How could we build an individual program on the back of a team-based product?
Taxonomy & Version Control
To create a course for individuals, we broke the product into three distinct versions. The B2B program would remain untouched, under the name Version 1.0. The B2C course would be known as Version 1.5.
Anything that was not a priority would be phased for a future rebuild under the name Version 2.0.
I applied feedback from user interviews to the design of our Individual program.
In the B2B version, users were having trouble with the Reflection and Team Discussion portions of the program. Our developer turned off this feature for the new design.
This new user flow represents the ideal user flow of an individual clicking through a Lesson.

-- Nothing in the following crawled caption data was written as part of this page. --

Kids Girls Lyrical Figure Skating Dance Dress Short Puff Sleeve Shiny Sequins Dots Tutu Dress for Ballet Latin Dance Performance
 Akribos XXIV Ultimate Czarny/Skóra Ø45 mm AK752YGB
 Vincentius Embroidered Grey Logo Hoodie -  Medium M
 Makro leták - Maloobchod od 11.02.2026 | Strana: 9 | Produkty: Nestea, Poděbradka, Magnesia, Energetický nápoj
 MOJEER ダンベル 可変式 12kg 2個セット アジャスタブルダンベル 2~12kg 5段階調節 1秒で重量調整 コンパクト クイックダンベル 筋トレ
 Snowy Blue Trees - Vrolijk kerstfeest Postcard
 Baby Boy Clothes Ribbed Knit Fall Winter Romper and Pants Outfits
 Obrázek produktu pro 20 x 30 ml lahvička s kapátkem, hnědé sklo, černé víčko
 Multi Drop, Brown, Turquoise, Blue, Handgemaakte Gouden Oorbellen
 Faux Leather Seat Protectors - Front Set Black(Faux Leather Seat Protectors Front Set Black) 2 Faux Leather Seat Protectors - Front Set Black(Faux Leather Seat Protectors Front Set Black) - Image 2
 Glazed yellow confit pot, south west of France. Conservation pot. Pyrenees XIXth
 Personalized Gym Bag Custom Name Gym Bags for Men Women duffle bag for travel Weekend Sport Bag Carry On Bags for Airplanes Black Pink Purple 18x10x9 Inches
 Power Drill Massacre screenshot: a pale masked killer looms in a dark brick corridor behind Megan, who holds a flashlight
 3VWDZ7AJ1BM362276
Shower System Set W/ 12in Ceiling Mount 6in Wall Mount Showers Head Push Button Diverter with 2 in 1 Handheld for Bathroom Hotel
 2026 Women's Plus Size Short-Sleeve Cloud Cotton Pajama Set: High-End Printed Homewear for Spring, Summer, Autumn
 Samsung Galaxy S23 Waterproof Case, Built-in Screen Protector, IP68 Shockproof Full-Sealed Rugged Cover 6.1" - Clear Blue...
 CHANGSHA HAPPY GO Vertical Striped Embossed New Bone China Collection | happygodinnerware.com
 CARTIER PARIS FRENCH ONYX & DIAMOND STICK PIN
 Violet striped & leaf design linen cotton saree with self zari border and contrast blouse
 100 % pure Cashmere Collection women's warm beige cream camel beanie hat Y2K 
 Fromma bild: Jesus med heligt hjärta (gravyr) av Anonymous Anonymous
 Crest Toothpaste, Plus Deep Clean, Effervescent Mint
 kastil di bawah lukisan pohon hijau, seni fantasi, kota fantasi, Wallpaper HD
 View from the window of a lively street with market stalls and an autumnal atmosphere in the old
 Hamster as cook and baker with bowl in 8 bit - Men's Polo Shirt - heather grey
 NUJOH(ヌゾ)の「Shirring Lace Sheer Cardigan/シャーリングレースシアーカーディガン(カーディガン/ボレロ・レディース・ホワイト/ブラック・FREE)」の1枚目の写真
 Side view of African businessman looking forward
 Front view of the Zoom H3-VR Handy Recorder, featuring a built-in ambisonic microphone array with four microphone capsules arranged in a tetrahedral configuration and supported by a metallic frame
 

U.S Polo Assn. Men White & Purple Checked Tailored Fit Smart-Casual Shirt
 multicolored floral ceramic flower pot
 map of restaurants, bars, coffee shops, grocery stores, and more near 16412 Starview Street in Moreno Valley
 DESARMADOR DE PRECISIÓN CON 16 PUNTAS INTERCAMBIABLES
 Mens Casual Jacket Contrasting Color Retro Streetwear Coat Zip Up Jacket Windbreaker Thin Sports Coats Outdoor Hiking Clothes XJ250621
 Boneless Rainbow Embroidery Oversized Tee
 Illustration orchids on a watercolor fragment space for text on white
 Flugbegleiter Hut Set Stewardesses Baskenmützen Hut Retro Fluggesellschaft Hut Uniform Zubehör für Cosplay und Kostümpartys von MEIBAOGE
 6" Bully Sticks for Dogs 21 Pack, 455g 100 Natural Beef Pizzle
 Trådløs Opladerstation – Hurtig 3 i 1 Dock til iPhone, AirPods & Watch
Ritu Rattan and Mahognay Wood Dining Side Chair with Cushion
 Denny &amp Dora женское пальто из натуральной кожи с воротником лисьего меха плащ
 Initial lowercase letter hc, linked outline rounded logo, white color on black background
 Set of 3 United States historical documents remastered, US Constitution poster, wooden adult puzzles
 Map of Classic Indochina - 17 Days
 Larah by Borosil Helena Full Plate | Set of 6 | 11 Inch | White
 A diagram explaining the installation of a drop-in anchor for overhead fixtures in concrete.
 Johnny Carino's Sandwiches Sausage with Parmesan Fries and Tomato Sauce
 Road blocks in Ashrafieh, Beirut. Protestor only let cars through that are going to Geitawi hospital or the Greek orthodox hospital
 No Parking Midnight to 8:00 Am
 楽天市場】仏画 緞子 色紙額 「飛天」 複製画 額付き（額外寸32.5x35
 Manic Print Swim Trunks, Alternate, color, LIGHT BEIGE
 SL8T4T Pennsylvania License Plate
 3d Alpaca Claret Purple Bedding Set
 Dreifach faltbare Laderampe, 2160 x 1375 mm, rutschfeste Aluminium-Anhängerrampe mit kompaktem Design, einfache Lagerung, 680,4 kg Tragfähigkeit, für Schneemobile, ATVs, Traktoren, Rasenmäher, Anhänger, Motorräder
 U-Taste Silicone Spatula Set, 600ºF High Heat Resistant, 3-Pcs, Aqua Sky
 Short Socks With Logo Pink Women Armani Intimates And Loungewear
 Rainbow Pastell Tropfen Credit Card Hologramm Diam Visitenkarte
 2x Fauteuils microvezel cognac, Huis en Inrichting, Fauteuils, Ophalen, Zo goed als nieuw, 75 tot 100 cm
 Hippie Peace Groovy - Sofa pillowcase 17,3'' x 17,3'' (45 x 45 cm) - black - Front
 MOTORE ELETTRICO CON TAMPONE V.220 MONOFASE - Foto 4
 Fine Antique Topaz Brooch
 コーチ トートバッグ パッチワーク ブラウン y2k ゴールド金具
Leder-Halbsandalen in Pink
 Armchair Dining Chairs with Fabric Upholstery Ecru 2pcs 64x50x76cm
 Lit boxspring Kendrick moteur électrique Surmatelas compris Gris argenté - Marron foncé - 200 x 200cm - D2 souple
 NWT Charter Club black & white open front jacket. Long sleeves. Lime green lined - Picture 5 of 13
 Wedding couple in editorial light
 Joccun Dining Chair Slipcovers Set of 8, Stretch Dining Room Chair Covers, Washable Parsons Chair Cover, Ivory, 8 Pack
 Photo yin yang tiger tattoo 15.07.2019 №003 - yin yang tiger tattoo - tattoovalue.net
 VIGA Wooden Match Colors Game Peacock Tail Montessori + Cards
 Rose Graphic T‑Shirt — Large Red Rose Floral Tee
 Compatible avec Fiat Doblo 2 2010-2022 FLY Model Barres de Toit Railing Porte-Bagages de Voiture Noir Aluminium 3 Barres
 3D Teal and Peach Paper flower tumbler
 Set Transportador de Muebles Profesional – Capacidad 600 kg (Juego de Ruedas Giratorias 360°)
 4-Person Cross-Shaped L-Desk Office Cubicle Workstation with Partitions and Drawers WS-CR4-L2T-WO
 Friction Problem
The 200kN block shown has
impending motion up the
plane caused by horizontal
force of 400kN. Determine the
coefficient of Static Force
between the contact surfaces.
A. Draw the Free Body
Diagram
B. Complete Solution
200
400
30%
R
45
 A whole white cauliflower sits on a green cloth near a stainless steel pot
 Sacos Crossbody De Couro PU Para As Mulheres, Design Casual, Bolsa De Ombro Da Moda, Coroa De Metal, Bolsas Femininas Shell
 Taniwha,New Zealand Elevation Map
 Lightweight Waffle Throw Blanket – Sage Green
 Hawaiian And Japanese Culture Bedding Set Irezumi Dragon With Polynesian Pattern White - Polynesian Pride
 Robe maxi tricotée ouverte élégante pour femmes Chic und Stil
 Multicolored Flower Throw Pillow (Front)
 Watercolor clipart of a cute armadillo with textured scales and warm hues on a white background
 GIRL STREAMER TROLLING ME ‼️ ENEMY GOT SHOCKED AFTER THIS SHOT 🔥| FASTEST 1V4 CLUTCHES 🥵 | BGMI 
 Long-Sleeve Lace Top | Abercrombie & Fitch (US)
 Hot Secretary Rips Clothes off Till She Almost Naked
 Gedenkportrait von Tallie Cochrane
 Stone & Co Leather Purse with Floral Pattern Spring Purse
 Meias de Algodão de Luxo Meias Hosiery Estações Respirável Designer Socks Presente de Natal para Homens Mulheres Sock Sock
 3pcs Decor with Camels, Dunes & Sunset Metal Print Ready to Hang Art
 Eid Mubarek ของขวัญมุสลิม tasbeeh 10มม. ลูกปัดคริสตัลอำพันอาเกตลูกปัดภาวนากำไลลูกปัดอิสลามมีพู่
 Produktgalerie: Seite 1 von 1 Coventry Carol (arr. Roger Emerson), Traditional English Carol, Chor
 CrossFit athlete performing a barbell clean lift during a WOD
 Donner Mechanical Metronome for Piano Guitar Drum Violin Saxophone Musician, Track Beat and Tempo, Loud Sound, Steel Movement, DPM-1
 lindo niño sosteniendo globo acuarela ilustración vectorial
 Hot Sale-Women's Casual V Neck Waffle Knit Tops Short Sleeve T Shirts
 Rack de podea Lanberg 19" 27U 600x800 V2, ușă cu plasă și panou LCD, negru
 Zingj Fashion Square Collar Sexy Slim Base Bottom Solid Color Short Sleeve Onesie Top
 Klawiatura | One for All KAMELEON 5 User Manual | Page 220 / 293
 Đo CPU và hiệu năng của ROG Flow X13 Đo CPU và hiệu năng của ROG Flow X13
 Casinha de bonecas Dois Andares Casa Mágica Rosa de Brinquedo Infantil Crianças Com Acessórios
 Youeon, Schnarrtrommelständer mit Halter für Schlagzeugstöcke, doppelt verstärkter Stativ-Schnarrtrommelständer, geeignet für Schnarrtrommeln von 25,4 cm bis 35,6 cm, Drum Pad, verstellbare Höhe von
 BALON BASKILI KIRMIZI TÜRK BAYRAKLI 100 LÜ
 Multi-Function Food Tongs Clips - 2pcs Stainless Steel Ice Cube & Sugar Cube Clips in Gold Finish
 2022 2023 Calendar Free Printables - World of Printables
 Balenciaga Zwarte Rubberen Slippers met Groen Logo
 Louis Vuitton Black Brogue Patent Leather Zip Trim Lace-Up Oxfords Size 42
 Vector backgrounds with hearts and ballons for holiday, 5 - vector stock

The aesthetic of Version 1.5 could be elevated, but I had to be reasonable in applying design changes, and be specific in handing off to our developer.
For example, the lesson screen had to incorporate nearly all of the elements from Version 1.0, without breaking any of the underlying code.
The crux of the product was each lesson’s interaction. A user was prompted to make a choice within a binary decision. They would enter their typed explanation from the POV of the interviewed business leader.
The developer and I evolved a design document that included a style guide to rely on. It was invaluable, given the fact I was in New York and he was in California.